Activity
Every line from the one with "background © Link Parker" to the end of the listing below must be printed exactly, with no other text and no pictures.

Material for this task
**********

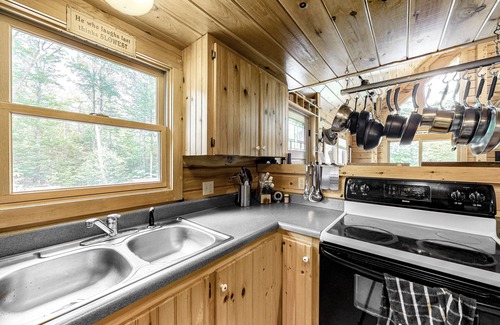 Greenville Cabin | Lakefront cabin on First Roach Pond with dock, lake view & firepit- dog-friendly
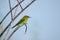 Merops orientalis, green bee-eater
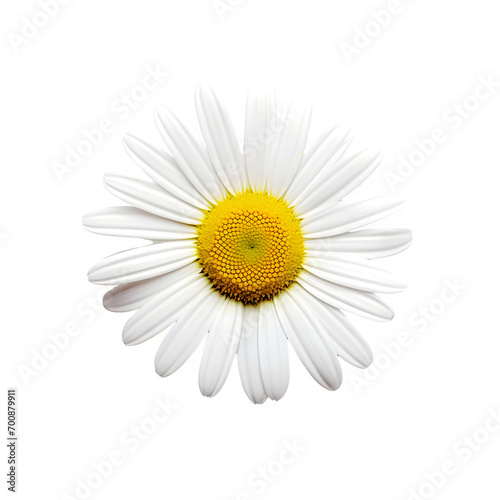 daisy blossom  in white on transparent background © Link Parker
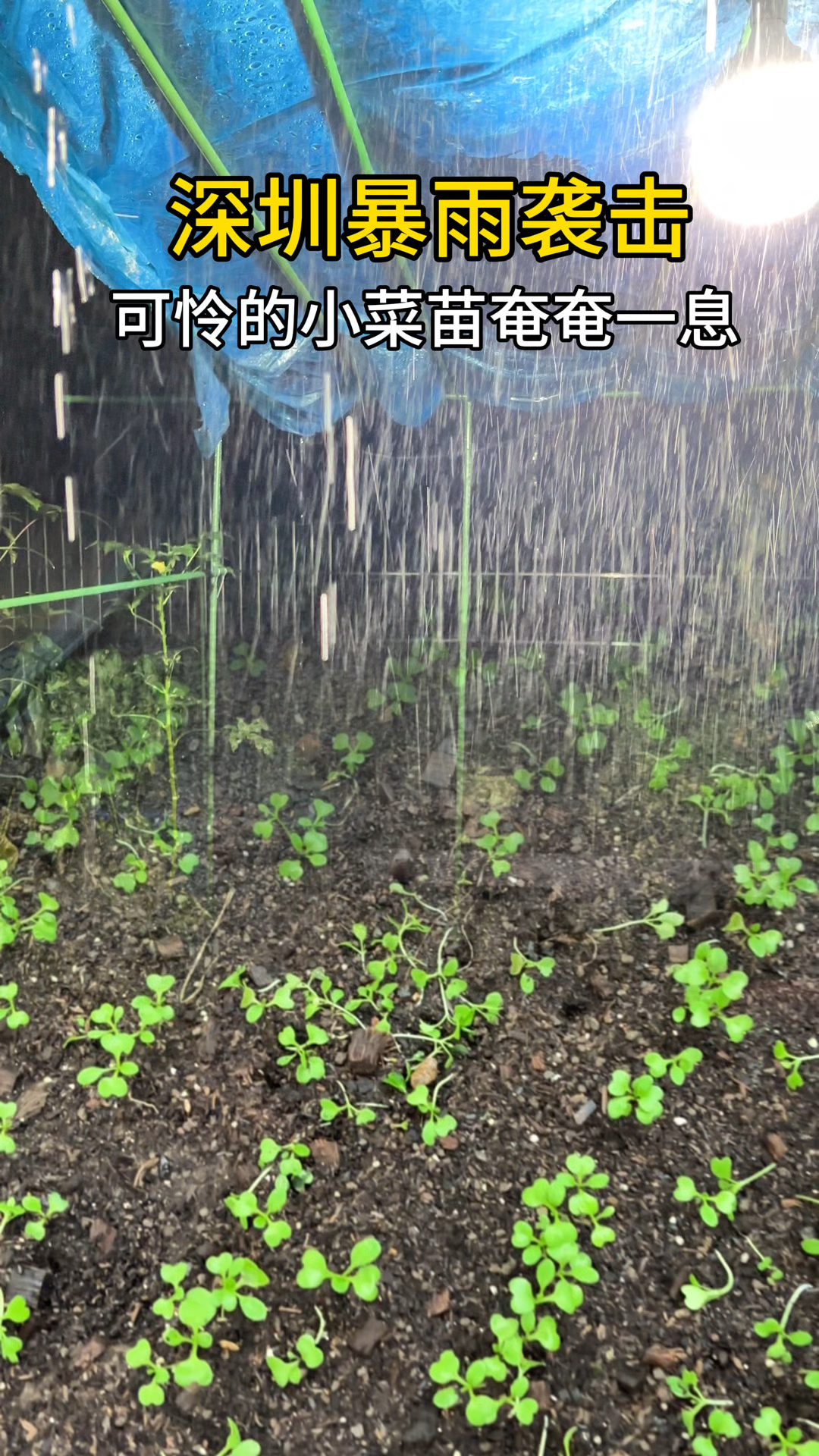 深圳暴雨袭击后的小菜园现状,除了小菜苗外,其他一切安好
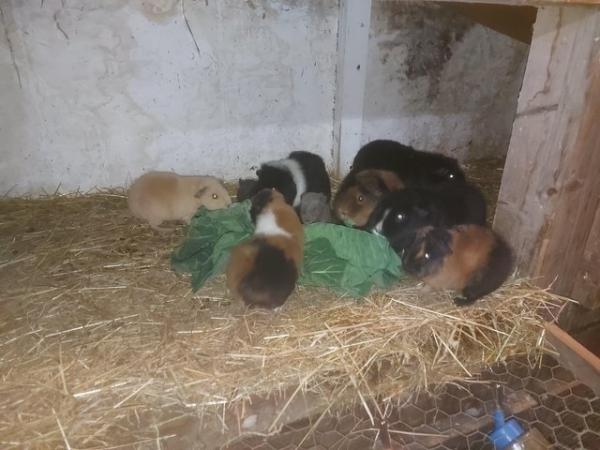Image 1 of 3 beautiful  Teddy  guinea  pigs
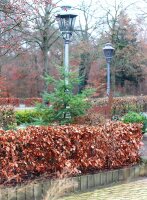 Rotbuche - Fagus sylvatica 150-175 cm, verpflanzter Heister ab 6 cm Umfang, mit Ballen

**********

Answer section
 daisy blossom  in white on transparent background © Link Parker
 深圳暴雨袭击后的小菜园现状,除了小菜苗外,其他一切安好
Image 1 of 3 beautiful  Teddy  guinea  pigs
 Rotbuche - Fagus sylvatica 150-175 cm, verpflanzter Heister ab 6 cm Umfang, mit Ballen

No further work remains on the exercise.